This morning’s strength follows a similar performance by the three-month nickel price on the LME on Tuesday, when it closed up by 1% at $13,105 per tonne, with the price finding support from the emergence of dip-buying.
Promising downstream demand continues to lend support to nickel despite the metal’s less positive fundamentals.
Due to a strong mining performance in 2018, the global nickel supply deficit is expected to narrow sharply in 2019, according to the International Nickel Study Group (INSG). The INSG forecasts the deficit in the global refined nickel market will narrow to around 33,000 tonnes this year, compared with the approximate 127,600-tonne deficit for 2018.
But strong demand from the downstream stainless steel sector is likely to offset the bearish sentiment, according to Fastmarkets analyst Andy Farida.
“Downstream demand, especially from the stainless steel sector looks bullish on paper,” Farida said, citing data from the International Stainless Steel Association which reported a 5.5% year-on-year increase as global stainless steel melt shop output totaled 50.8 million tonnes in 2018, edging higher from 48.1 million tonnes in 2017.
“Going forward, fundamental challenges especially from the supply side, will weigh on the upside but any improvement in global demand should underpin nickel’s price action to stay relatively well-bid,” Farida added.
Zinc was the second-best performer on the SHFE this morning, underpinned by continuous declines in exchange inventories.
The most-traded May zinc contract price on the SHFE rose by 0.6% or 140 yuan per tonne to 22,365 yuan per tonne as at 9.53am Shanghai time.
Deliverable zinc stocks at SHFE-approved warehouses declined by 8,064 tonnes, or 6.5%, week on week to 115,974 tonnes in the week ended March 22. Meanwhile, LME zinc stocks were at 56,425 tonnes on March 26, down from 129,000 tonnes at the beginning of the year.
“LME zinc inventories have continuously declined, which will support prices in the near term,” analysts with Citic Futures Research said in a morning note.

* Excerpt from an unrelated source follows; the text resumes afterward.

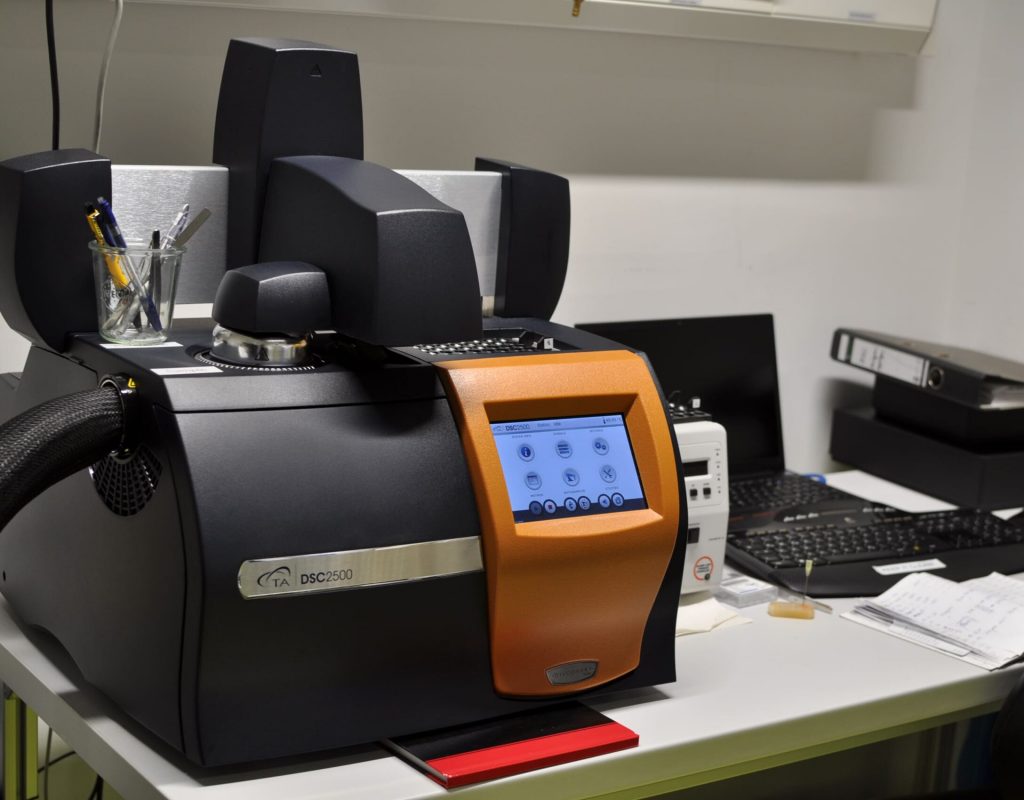TA Instruments® Differential Scanning Calorimeter 2500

Other highlights – Base metals traded on the SHFE gave a broadly strong performance on Wednesday morning despite a firm dollar. Tin was the exception with prices little changed. – The dollar index, which gauges the strength of the US dollar against a basket of foreign currencies, was up by 0.16% at 96.62 as at 10.45am Shanghai time against its previous close. – Soft economic releases in China this morning also did little to dent the positivity in the base metals so far; Chinese industrial profits fell by 14% year on year in January-February 2019. This compares with a 10.3% year-on-year increase in December 2018. – In European data on Tuesday, the German GfK consumer climate index for the March period was recorded at 10.4, missing expectations of a rise to 10.8 from a previous level of 10.7 and indicating a slowdown in financial confidence among German consumers. – In US data on Tuesday, building permits and housing starts for February came in at 1.3 million and 1.16 million respectively – both below expectations. The S&P/CS Composite-20 house price index rose by 3.6% in January, down from 4.1% in the prior month.